Summer of ’85 | Little White Lies

Sum­mer of 85

21 Oct 2020 / Released: 23 Oct 2020

Words by Elena Lazic

Directed by François Ozon

Starring Benjamin Voisin and Félix Lefebvre

Two people on a motorcycle, man and woman wearing red tops and sunglasses, in a rural setting with green fields and blue sky.
Two people on a motorcycle, man and woman wearing red tops and sunglasses, in a rural setting with green fields and blue sky.
4

Anticipation.

A love affair between two gorgeous boys? Set in the 1980s? Yes please.

4

Enjoyment.

A strange and captivating mix of sincere emotions, passions and Rod Stewart.

4

In Retrospect.

An unassuming but potent look at the way young love bruises but forges identity.

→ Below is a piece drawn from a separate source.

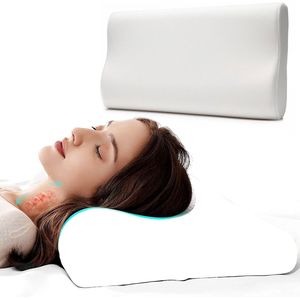 Orthopedisch hoofdkussen Tegen Nek- en rugklachten – Memory foam – 60 x 31 x 7-11 cm – Traagschruim – Nekklachten - Orthopedisch – Ergonomisch – Koudschuim (2023 model)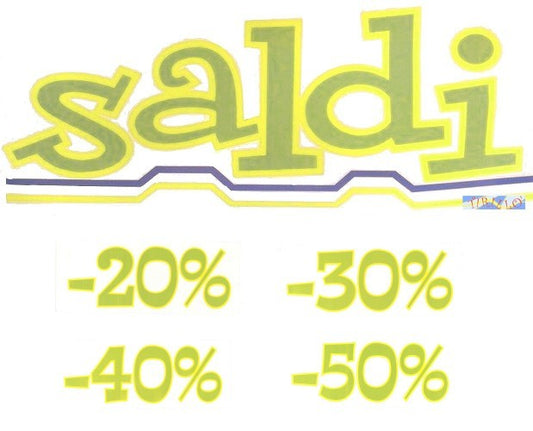 CARTOLERIA -  Kit cartelli vetrofanie scritte Saldi -20% -30% -40% -50%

François Ozon turns back the clock for a sun-kissed gay love sto­ry that’s shot through with tragedy.

Pro­lif­ic French auteur François Ozon is known for his strange and allur­ing cin­e­mat­ic cock­tails of sex, pas­sion and tragedy. His char­ac­ters are pushed to destruc­tive extremes of feel­ing. Sum­mer of 85 does not stray from that tra­di­tion, but cen­tring on a love affair between two young men, it might be the director’s most explic­it­ly gay film to date, which has a whole host of impli­ca­tions for the tone of the film.

The queer­ness of Ozon’s films most often shines through his mor­bid inter­est in sto­ries of straight peo­ple pushed to extremes by ideals of het­ero­nor­ma­tiv­i­ty that they fail to live up to – ideals that are thus implic­it­ly crit­i­cised and mocked, but which the direc­tor clear­ly rev­els in as the great tragedy fod­der that they are. In no way sub­tle, his films are often out­ra­geous­ly tongue-in-cheek in the way they have their cake and eat it too, squeez­ing all the pathos out of their sub­ject all the while bask­ing in the ruins.

This time Ozon focus­es on a gay love affair and his brac­ing­ly in-your-face style seems to be on the side of the pas­sion­ate lover rather than against him. Alex (Félix Lefeb­vre, whose mag­net­ic pres­ence should make him a star in no time) begins the sto­ry of a day­dream­ing yet rel­a­tive­ly down-to-earth 16-year-old obsessed with death the way many kids his age often are.

When he is res­cued from poten­tial­ly drown­ing by David (Ben­jamin Voisin), a con­fi­dent and charis­mat­ic 18-year-old, Alex is drawn into the young man’s world almost against his will: David invites him home, where his exceed­ing­ly sweet moth­er (Vale­ria Bruni Tedeschi) gives him a bath, dries his clothes and offers him a meal. How could he say no?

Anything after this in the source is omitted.